Art Caplan, a professor of bioethics at New York University's Langone Medical Center, New York City, said the argument for vaccinating children for flu falls along the same lines. The benefit-to-risk ratio is finely balanced in children.  The main value of protecting them is to protect others.

"Flu rarely kills young folks. But you're really trying to protect old folks and that's the classic example," he said.

What's more, he said the idea that children would take on some risk with a vaccine for little personal benefit is oversimplified.

"Yes, you might get vaccinated to prevent harm to others, but those others are providing benefits to you. It's not a one-way street. I think that's a little morally distorted," Caplan said. "Being able to keep society open benefits kids and adults alike."

Other committee members felt like it was too early to sound the all-clear on COVID, and said the FDA should authorize vaccines for children as quickly as it had for other age groups.

"We are still, I believe, in an emergency situation. I think that when this virus goes into our children, which is what it's going to do, that will give it an incubator to change," said Oveta Fuller, PhD, associate professor of microbiology and immunology at the University of Michigan Medical School, Ann Arbor.

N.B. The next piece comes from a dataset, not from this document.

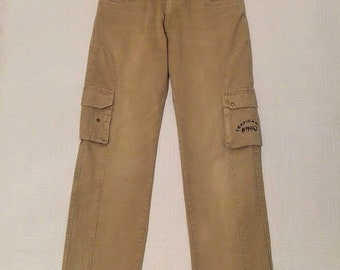 Vintage men pants 90s beige cotton trousers size L denim dress sport pants outside pockets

Fuller said that for the good of the world, Americans needed to vaccinate children to prevent the virus from mutating and creating new and potentially more dangerous variants.

Weighing Risk Over Safety

Beth Thielen, MD, PhD, pediatric infectious disease specialist and virologist at the University of Minnesota Medical School, Minneapolis, said she had not followed the committee's discussions, but about once a month she treats kids who are very sick because of the virus — either because of a COVID infection or because of multisystem inflammatory syndrome (MIS-C), an inflammatory reaction that strikes after infection.

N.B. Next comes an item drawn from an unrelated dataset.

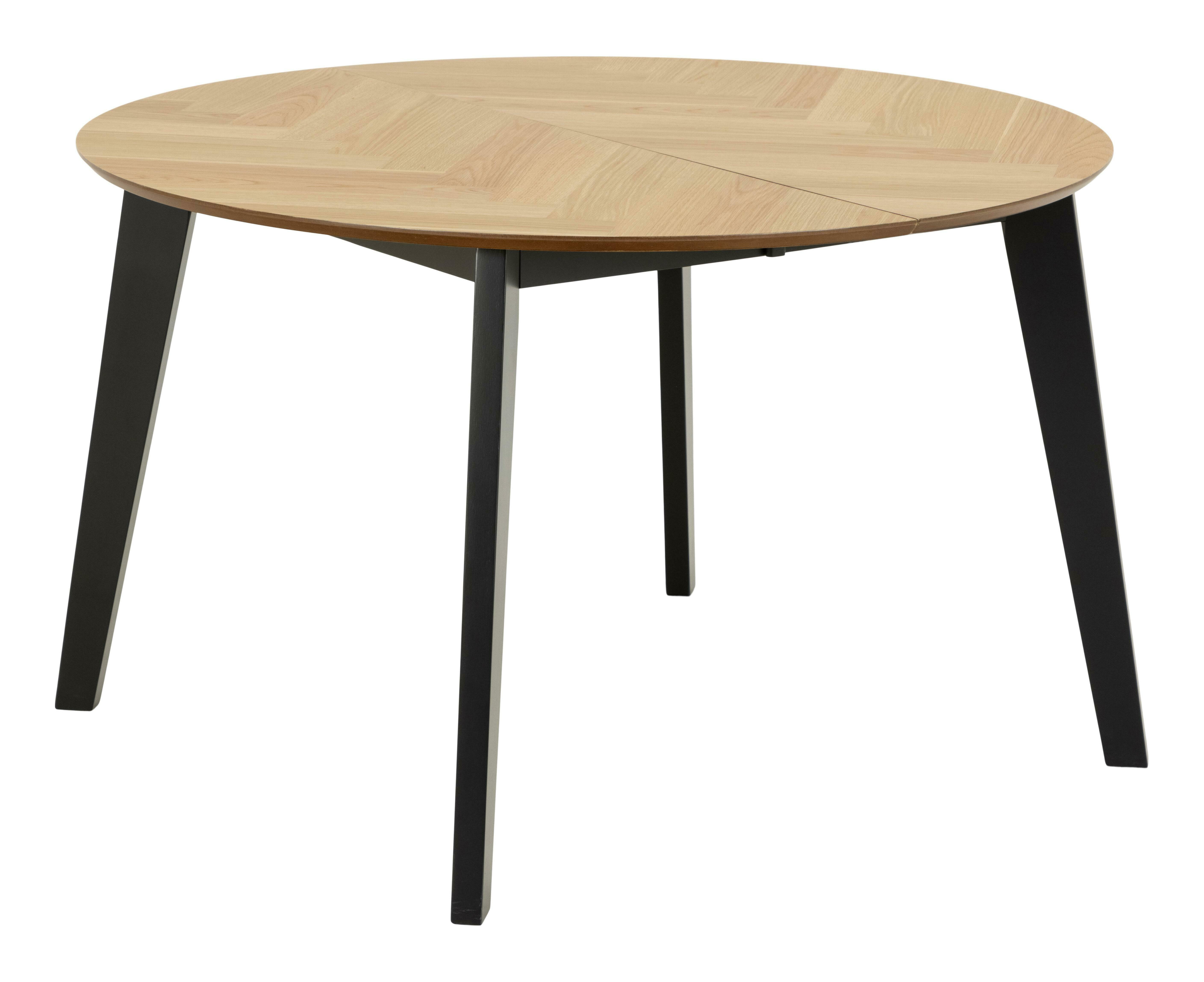 Bendt Uitschuifbare Ronde Eettafel 'Maso' Eiken visgraat, 120 x 120 - 198cm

She's worried about how the virus has already changed. She said the kind of disease she's seeing in kids now is different than what she saw in the early months of the pandemic.

"In the last couple of months, I've actually seen a few cases of severe pulmonary disease, more similar to adult disease in children," Thielen said. "I see on the horizon that we could start seeing more significant disease in young people, and then the risks of being unvaccinated go up substantially." 

But she also knows nobody has a crystal ball, and right now, everything seems to be trending in the right direction with COVID. That makes the risk-to-benefit consideration murkier.

"The question in my mind is, what is the risk of side effects from the vaccine?" she said. "I think we really need to know what the safety profile of vaccine looks like in children because we do have a decent understanding now what risk from disease looks like, because it's small, but we are seeing it."

Thielen said she'll be keeping an eye on the next meeting of the CDC's Advisory Committee on Immunization Practices for more answers.